Since I have no plans to visit Baltimore any time soon, I suppose things will stay muddy. As usual.

Peace, people.

When You Rhyme in Your Sleep

Such a poor rhymer,

A nickel and dimer,

A shell without primer,

Rusting away.

Throw out the words, son

Steer away from the bad pun

Avoid the over done

This ain’t child’s play

Can’t help but dream

In a metronomic scheme

Nothing’s easy as it seems

These visions never stay.

(Michael Cheval is the artist featured in this post.)

I woke up (at 2:37 a.m) with the first stanza rolling around in my head. I told myself if it stuck around, I’d write it down. Almost wish it hadn’t.

Peace, people.

Library Dream

Last night I dreamt about a vast library. Oddly enough the dream was set in New Salem, North Dakota, a town Studly Doright and I, along with our two children, lived in briefly during the early 90’s. I don’t remember the town of fewer than 1,000 souls having a library other than the ones at the town’s public schools; although, a quick google search shows there is a small one.

In my dream, the New Salem library was housed in a modern log cabin with soaring beamed ceilings and shelves that required ladders at least 20 feet tall to reach the top rows. The aisles extended so far in every direction that one could not see the far walls from the library’s center.

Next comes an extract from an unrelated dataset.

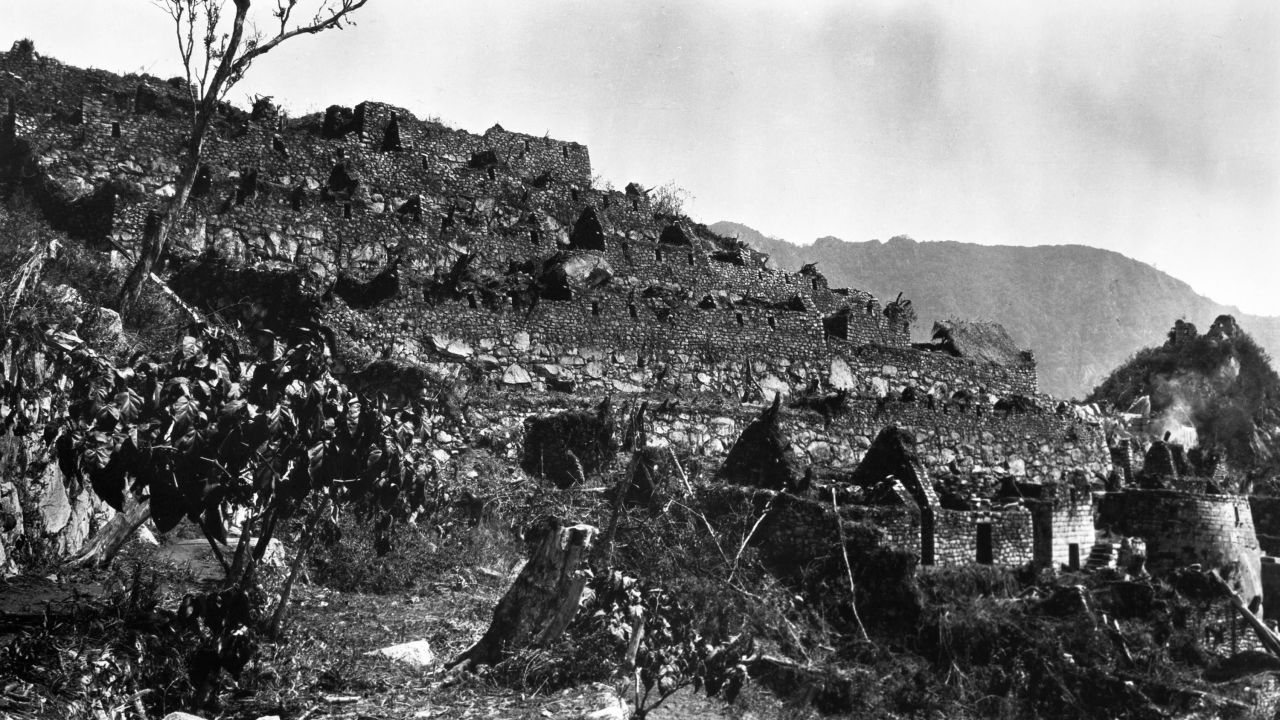 Machu Picchu is pictured in 1911.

During my dream visit, members of the library guild were hosting a membership drive. In every nook and cranny of the building there was some vignette set up–a play or live music or just a visual display–enticing visitors to join. For some reason oversized boxes of Kleenex tissues were stacked decoratively in key places, as an overarching theme for the event.

I desperately wanted to become a member of the library guild. I wanted to be part of this grand building with boxes of tissues stacked in the shape of the Eiffel Tower and the Empire State Building. But when I finally found a guild member and completed the necessary paperwork I realized I didn’t have the amount of cash on hand to pay the $94.00 joining fee, and the guild didn’t accept credit cards.

Frantically I began working odd jobs within the library itself in order to raise the money. I carried patrons’ books for a quarter. I shined shoes and moved the card catalogues. I stacked tissue boxes. After what seemed like many hours had passed I realized that I had raised $93.95, and I had one nickel in my pocket. I eagerly handed over the money to the nearest guild member, and abruptly awakened to the sounds of Studly Doright brushing his teeth.

Since I didn’t receive my receipt am I a member of the New Salem Public Library Guild or not? Seriously.

Peace, people.

You May Say I’m a Dreamer

You may say I’m a dreamer, and in my household I am the only one. Where my dreams are typically vividly technicolored, Studly Doright’s are seemingly non-existent. So when I got this text first thing Monday morning, I was intrigued:

(Ignore the odd punctuation. If I’d known this was going to be blog fodder (blodder?) I’d have taken more pains with my text.)

According to Studly, he never dreams. Of course I’ve informed him that we all dream every night, but not everyone remembers their dreams. Stubbornly he persists in claiming that he is the exception.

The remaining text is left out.